The real challenge is to be able to say: "Okay, this is where I am; these are the facts."
Accepting the pain and reality of the situation is often the toughest step towards making a breakthrough.
During times like this be compassionate with yourself. Emotional healing is going to take time; that is an essential part of acceptance.
Initially, you just want out of the pain, but really the only way out is ... through. When you come to that point of acceptance, then you start to reconnect with your vision for the future and you reconnect with hope.
Sounds easy enough, but how do we do that without fooling ourselves?
Simple - what matters to you more than you and your pain? For a lot of people, it's their kids or their family, or an activity they are passionate about. The cool thing about this step is that people start to realise what's truly important.
If you've ridden the wave of prosperity then experienced a hard crash, having to sell off everything, you have no choice but to humble yourself just to stay above water. This kind of letting go often leads to deeper connections between you and your family, and it sends us back to our core values.

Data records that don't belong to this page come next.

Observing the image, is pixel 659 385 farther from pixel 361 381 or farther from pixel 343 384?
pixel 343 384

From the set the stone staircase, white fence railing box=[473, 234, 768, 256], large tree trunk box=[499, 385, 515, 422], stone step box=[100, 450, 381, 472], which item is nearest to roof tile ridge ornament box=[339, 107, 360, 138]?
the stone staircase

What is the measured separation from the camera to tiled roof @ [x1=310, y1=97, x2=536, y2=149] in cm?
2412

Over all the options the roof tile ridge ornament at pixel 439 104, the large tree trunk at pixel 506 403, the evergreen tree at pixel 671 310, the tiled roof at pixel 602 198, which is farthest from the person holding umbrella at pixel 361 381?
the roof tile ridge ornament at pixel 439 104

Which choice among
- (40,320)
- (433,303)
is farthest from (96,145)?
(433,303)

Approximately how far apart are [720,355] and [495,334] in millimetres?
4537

We tend to get caught up in material stuff, but the tsunamis that come crashing through our lives wipe us clean and make us recognise the things that really matter.
Tough people last, tough times do not
For those who may be having a hard time adjusting to new circumstances, think about the hardships you've experienced before.
What did you gain from that experience? What emotional muscles did you build? What did that lead to, because you became stronger and more resilient? What difference has that made in your life?
Does what you learned from that previous period of hardship outweigh the suffering it caused? If the answer to that last question is "yes", then you are starting to recognise that whatever happens in your life, is a gift - your job is to find it.